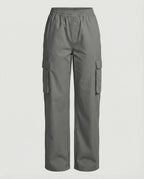 Women's Cargo Pants with Elastic Waistband and Practical Side Pockets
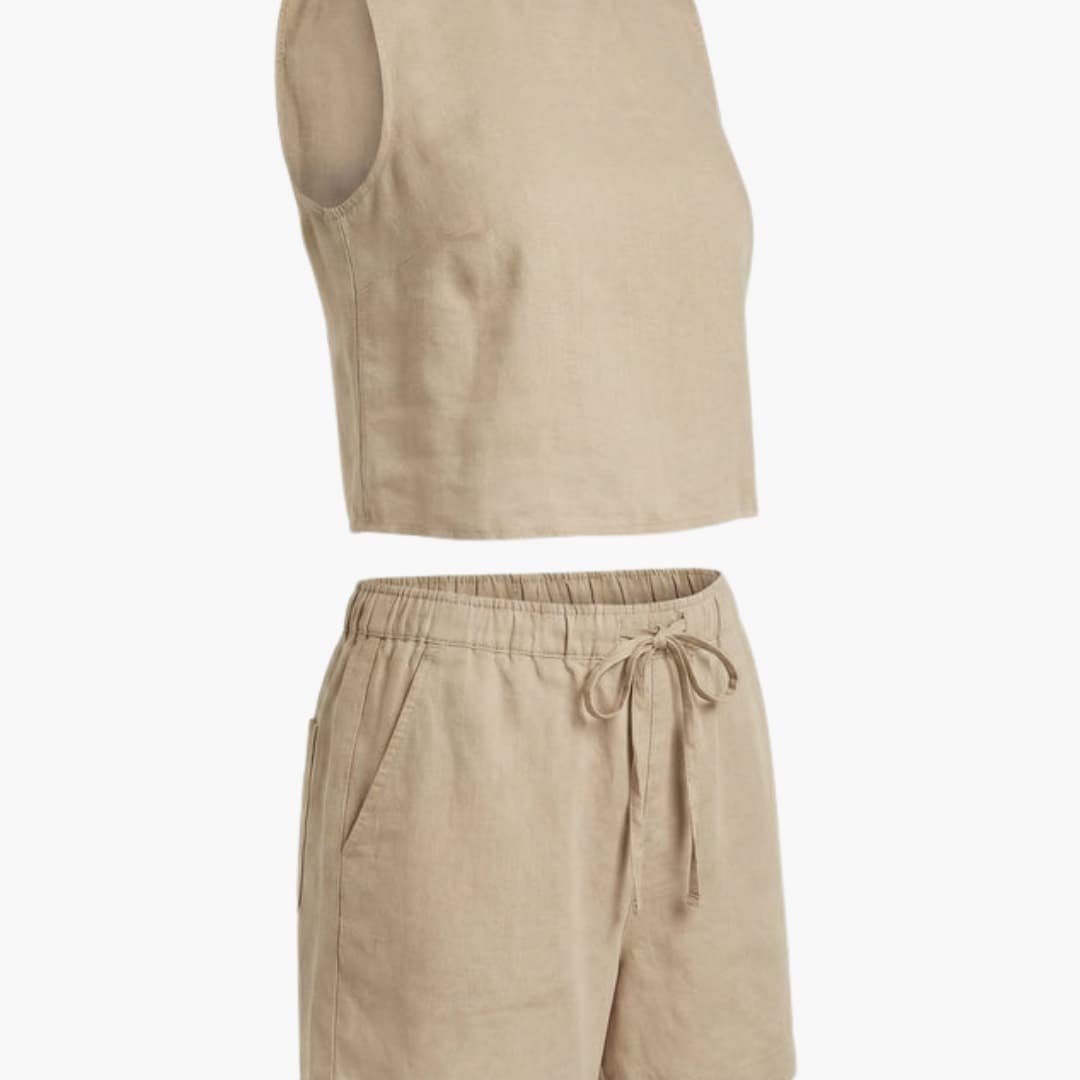 Women's Summer Shorts Set Short Sleeve Elastic Waist Shorts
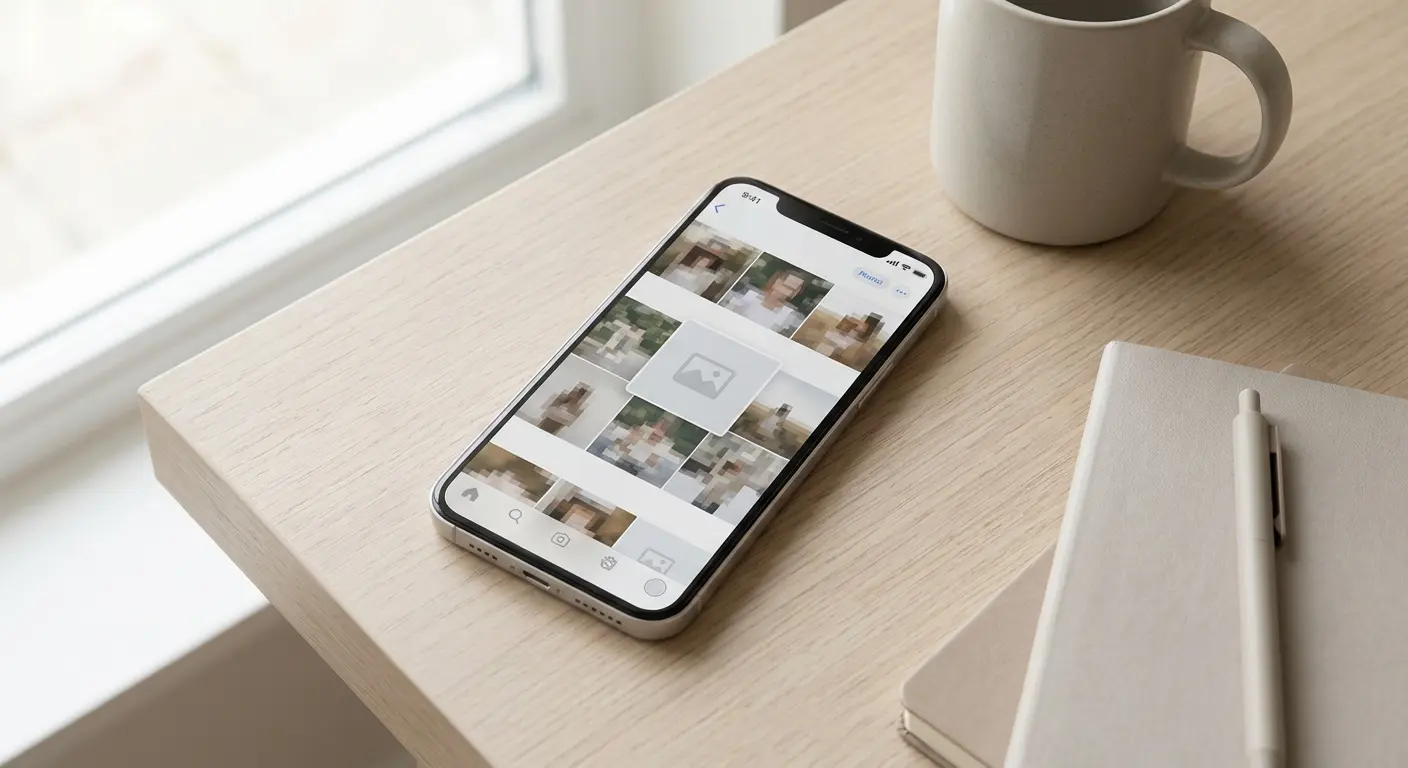 아이폰에서 사진이 갑자기 사라진 것처럼 보이는 상황을 설명하는 이미지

┄┄┄┄┄┄

● Work task
Could you repeat all of the material exactly? Pictures should not be copied.

● Result for this task
 Women's Cargo Pants with Elastic Waistband and Practical Side Pockets
 Women's Summer Shorts Set Short Sleeve Elastic Waist Shorts
 아이폰에서 사진이 갑자기 사라진 것처럼 보이는 상황을 설명하는 이미지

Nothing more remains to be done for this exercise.